Mary Church Terrell is a name you should know, because in a 1915 issue of The Crisis, a periodical published by the NAACP, she put men—and particularly black men—on blast for thinking women shouldn’t have the right to vote. It was "absurd," she said, that a group of people who had been denied their rights should then turn around and put up barriers for others.
And Mary knew barriers well. She’d been discriminated against even as she marched for women’s right to vote, relegated to the back of the line by white women. Her story is one few of us know, and the names Alice Paul and Lucy Stone, the two white activists who were instrumental in winning suffrage and who organized this very procession have been overshadowed by those of Elizabeth Cady Stanton and Susan B. Anthony.
This Women’s History Month, let’s learn the stories behind these names at the Free Library of Philadelphia! 2020 is more than just a time to mark the achievements of women—it’s a time to honor the 100th anniversary of the ratification, or passing, of the 19th amendment which gave U.S. women the legal right to vote.
On Friday, March 6 and Wednesday, March 18, children can take part in storytimes of Bold & Brave: Ten Heroes Who Won Women the Right to Vote at Queen Memorial Library. After hearing this uplifting story, they can make a "suffrage cat," (the cat was adopted as a mascot by women’s rights activists) or decorate mini-banners. Other children can find their voice by Writing Persuasive Speeches during a special program at Logan Library on Wednesday, March 18.
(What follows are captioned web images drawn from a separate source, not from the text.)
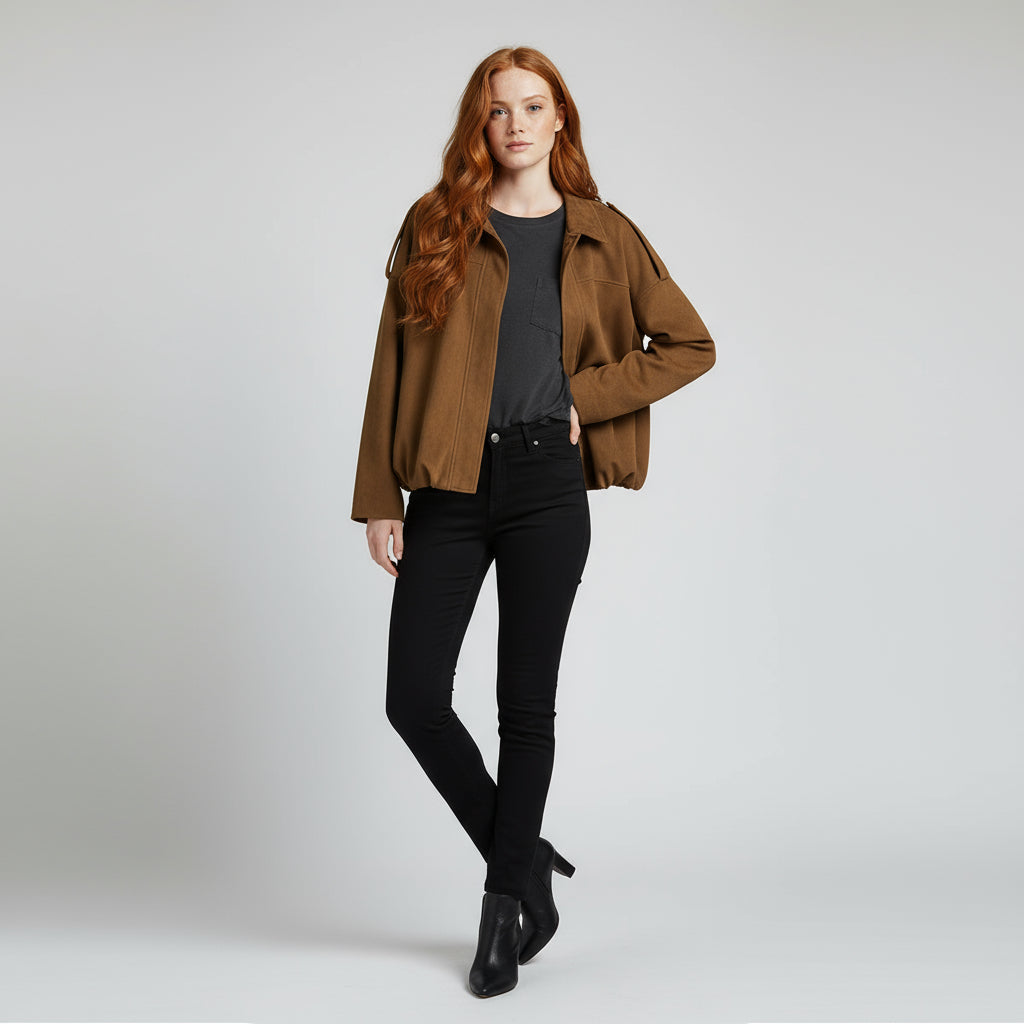 Sandra Suede Bomber Jacket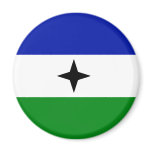 Bubi nationalist, Equatorial Guinea Refrigerator Magnet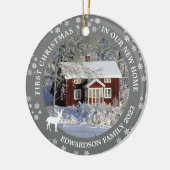 Erste Weihnachten in unserem neuen Zuhause House-F Keramik Ornament (Links)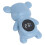 Infant Bath Temp Thermometer & Toy Bear Shape Blue Waterproof 16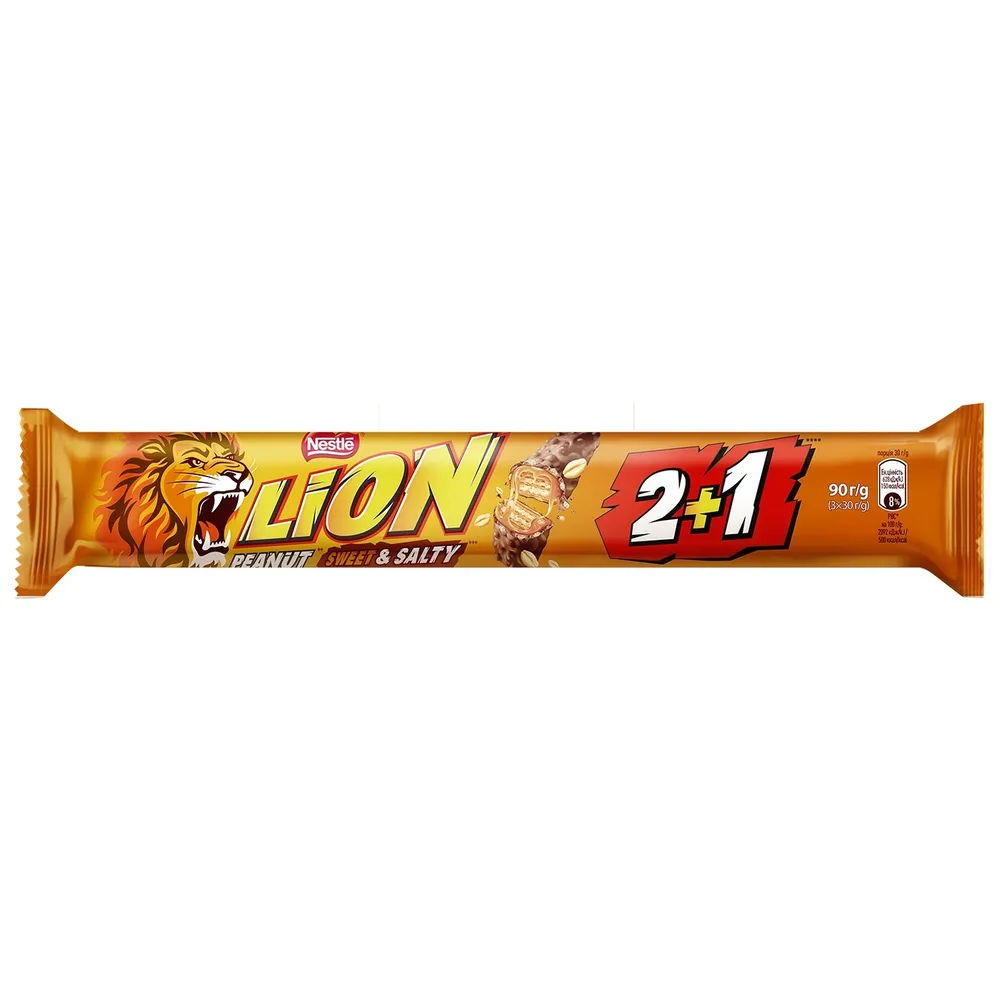Батончик Nestle Lion peanut 90гр  арт. 08407 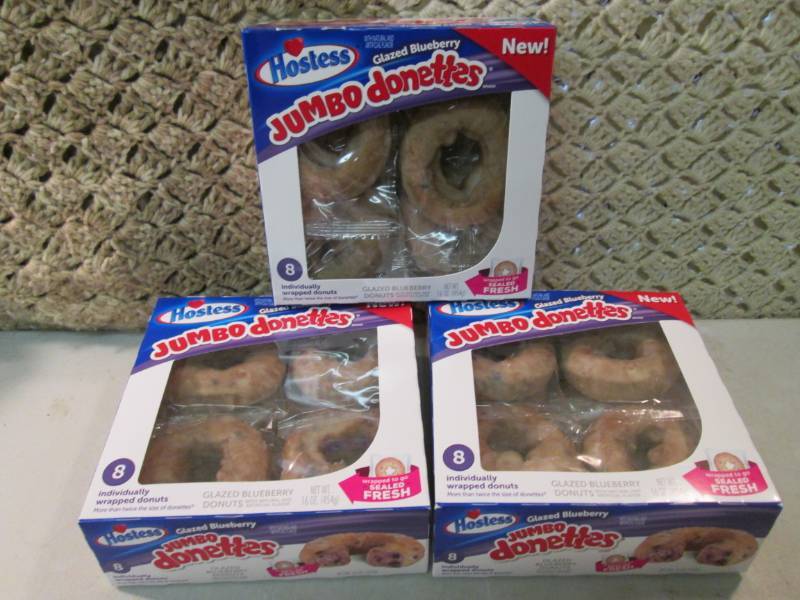 lot 249 image: 3 Boxes of Hostess Glazed Blueberry...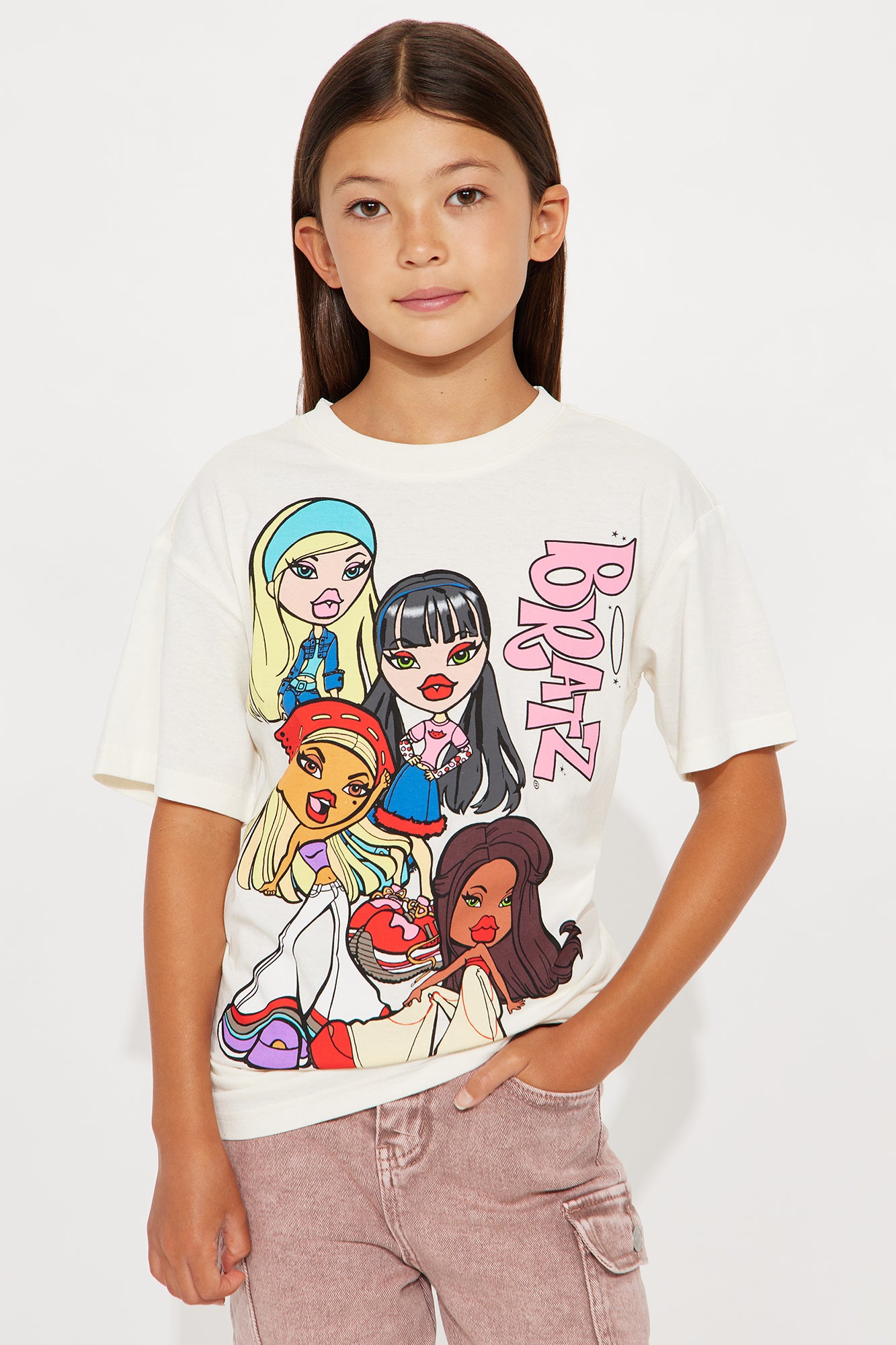 Mini Bratz Baddies Tee - Ivory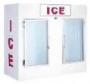 444-7501 - LEER - 100 cu ft Indoor Ice Merchandiser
Adults can rediscover the words of both famous and unknown women, as well as personal letters and even diary entries written by women who fought for equality, in an interactive program led by... me! Women’s Letters of Suffrage and Equality will be a revealing event with surprising stories of the work to win suffrage, taking place on Monday, March 23 at South Philadelphia Library and Thursday, March 26 at Logan Library.
Too cool to get schooled? Then get empowered at Kingsessing Library on Saturday, March 7 during Cool Women and Minizines with the Soapbox, a community print shop. Or, rock out to Vixen 77, a punk rock band who will play at Fumo Family Library on Wednesday, March 18.
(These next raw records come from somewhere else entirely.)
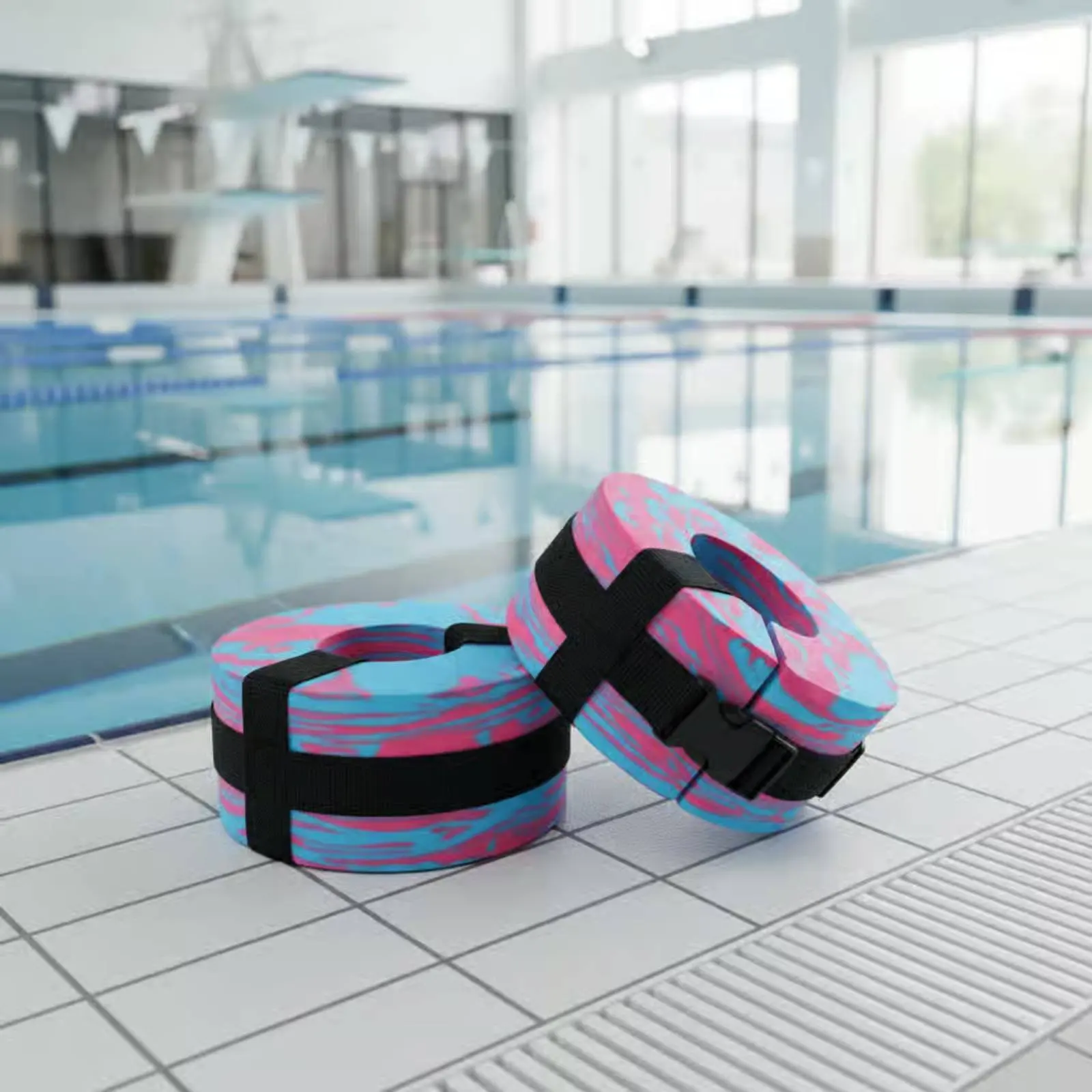 2 Pieces EVA Swim Arm Cuff Lightweight Foam Arm Buoyancy Aid Cuff Swim Training Cuff Water Resistant Adjustable Fit for Adults
2 Pieces EVA Swim Arm Cuff Lightweight Foam Arm Buoyancy Aid Cuff Swim Training Cuff Water Resistant Adjustable Fit for Adults
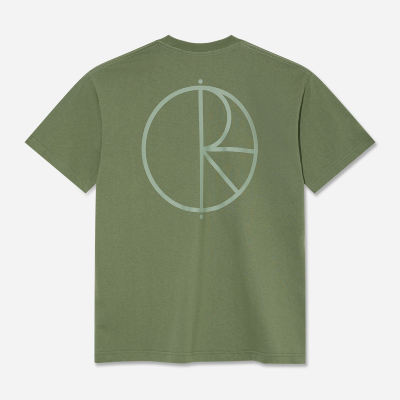 Polar - Stroke Logo Contrast Tee - Moss Green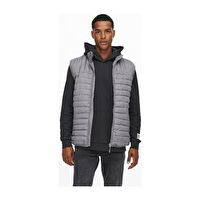 Only & Sons Erkek Premium Paul Quilted Şişme Yelek 22015123-blk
The ongoing battle for women's rights is all about passing the baton, and children can do so literally on Wednesday, March 15 at Running Like Wilma, a program at Logan Library honoring the work of African American track star Wilma Wilma Rudolph. Kids can do warm-up exercises, then relay race around the library! The Learn About Important Women in History series at Falls of Schuylkill Library will highlight women real and imagined such as Frida Kahlo and Wonder Woman!
And we’ll close out Women’s History Month on Sunday, March 29 with Writers Resist PHL: Write the Vote Inspired by Toni Morrison at Parkway Central Library. Dozens of local writers will read works inspired by the world-changing literature of Toni Morrison. This is part of The Frances Project, a series of programs through Fall 2020 that honor the life and work of Frances Ellen Watkins Harper, a largely forgotten African American hero who left a deep legacy we all benefit from, as she fought for both abolition of enslavement, as well as women's suffrage during her long lifetime. In fact, it was a story of an enslaved woman that Frances Ellen Watkins Harper told in one of her many impassioned speeches and writings which inspired the novel Beloved.
And here's what is exciting about Women’s History Month—it's just a prelude to an array of programs throughout 2020 that will mark the anniversary of the 19th amendment while still recognizing the work left to do to ensure equal rights for all.
We'll be looking forward to a special exhibition on Women’s Suffrage at Parkway Central Library in the fall; as well as an exhibition at the Rosenbach honoring Alice Dunbar Nelson, a fearless Black journalist and activist, and accompanying programs.
We'll study the impact of the 19th amendment through the lens of voting access, protest movements, reproductive rights, (truly) intersectional and inclusive feminism, and even fun events that look at the ways women have impacted our world. The long march of women towards equality is still going strong.